Dr. J. Patrick Kennedy, founder of OSIsoft, died in early April at the age of 79. He will be missed.
Who was Dr. Kennedy, or Pat as most people knew him? And why am I writing about him here?
Pat was a brilliant engineer, a savvy entrepreneur and a genuinely caring person. He was one of a kind.
He founded the company Oil Systems, Inc. which later became OSIsoft, and pioneered the technology that is known as “the PI system” that is used by so many large companies across the world. PI may have stood for “Process Information” at one point. The PI system also happens to be what I’ve based my career around.

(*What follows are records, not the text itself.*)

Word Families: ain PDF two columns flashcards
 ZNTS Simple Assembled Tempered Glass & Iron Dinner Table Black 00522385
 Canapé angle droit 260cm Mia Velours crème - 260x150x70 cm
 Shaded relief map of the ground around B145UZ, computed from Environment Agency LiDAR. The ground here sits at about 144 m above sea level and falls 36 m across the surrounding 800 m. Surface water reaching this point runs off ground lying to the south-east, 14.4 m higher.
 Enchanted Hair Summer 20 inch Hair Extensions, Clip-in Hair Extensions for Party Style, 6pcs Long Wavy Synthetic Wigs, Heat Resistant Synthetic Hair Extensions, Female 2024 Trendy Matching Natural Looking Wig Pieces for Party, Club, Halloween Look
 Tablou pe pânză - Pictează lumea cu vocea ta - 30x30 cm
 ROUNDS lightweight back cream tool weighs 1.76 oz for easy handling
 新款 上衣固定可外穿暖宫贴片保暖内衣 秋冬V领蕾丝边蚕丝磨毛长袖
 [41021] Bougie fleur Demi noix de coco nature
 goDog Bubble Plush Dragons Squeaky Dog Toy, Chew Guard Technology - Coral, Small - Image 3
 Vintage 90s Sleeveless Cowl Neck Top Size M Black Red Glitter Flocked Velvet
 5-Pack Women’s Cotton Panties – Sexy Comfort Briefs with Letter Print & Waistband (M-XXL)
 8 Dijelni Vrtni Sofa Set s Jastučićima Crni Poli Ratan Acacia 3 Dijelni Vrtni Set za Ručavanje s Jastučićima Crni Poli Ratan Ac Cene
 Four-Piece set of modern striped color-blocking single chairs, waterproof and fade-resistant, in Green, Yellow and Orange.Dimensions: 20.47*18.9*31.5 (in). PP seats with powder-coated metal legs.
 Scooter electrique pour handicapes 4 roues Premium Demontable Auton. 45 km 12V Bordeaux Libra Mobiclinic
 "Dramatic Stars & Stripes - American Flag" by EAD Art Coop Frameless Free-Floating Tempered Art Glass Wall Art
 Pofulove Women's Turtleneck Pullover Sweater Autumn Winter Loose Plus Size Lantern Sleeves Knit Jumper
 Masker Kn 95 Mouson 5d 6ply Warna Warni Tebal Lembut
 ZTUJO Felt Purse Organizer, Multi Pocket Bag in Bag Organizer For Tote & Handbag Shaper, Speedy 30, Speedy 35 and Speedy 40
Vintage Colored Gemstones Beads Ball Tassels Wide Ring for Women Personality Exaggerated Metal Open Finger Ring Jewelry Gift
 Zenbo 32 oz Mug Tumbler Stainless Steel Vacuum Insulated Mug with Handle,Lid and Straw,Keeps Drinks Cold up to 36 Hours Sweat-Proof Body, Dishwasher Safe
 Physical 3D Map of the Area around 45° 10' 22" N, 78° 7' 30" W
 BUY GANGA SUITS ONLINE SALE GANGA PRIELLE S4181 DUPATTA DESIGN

PI started out as a historian, a set of programs that recorded pressures and temperatures and other measurements from oil refineries and factories and mines and so many other things (including trains). It started out on the DEC VAX and moved to Windows NT 3.51 and Unix and now runs on Windows and “in the cloud” and integrates well with pretty much every significant software system on the planet.
It’s great technology and I work with it every day. Pat started it and helped make it successful.
OSIsoft hosted annual user conferences, usually in San Francisco across the Bay from their offices in San Leandro, California. I was able to attend several in SF as well as one in Monterey, and a few European conferences as well. They were fantastic conferences, and one of the kickoff speeches was delivered by Pat, where he would offer his insights into the industry and where he saw it going. You could tell that Pat was a smart man.
OSIsoft has been a very technical company. They had excellent technical support, 24/7/365. Their software did what it was supposed to, without being bloated, and PI connects with everything.
I am writing about OSIsoft in the past tense because it was acquired by AVEVA a couple of years ago. Almost all of OSIsoft’s identity has been replaced by AVEVA’s.
I have never worked for OSIsoft and I might have exchanged a dozen words with Pat over the years, but I have worked with his software and company since 1998 and you pick things up. Pat was well liked by his customers and by his employees.
Pat eventually stepped back from the day to day operation of the company, probably recognizing that OSIsoft had grown too large for the informal structure it started with. He continued to be active with the company, both in front of the crowd giving talks and behind the scenes.
I will miss Pat at conferences and I know many, many people will as well. My condolences to Pat’s family and the vast extended family of employees and customers that he affected in such a positive way.
This is such a wonderful tribute to a funny, brilliant, and kind man. Pat directly changed the course of thousands of lives (mine included) and no doubt improved the lives of millions through the care he took to maintain a pure vision. RIP Pat.
Hi Nick, thanks for commenting and good to hear from you. Your voice was a familiar presence on many OSIsoft videos!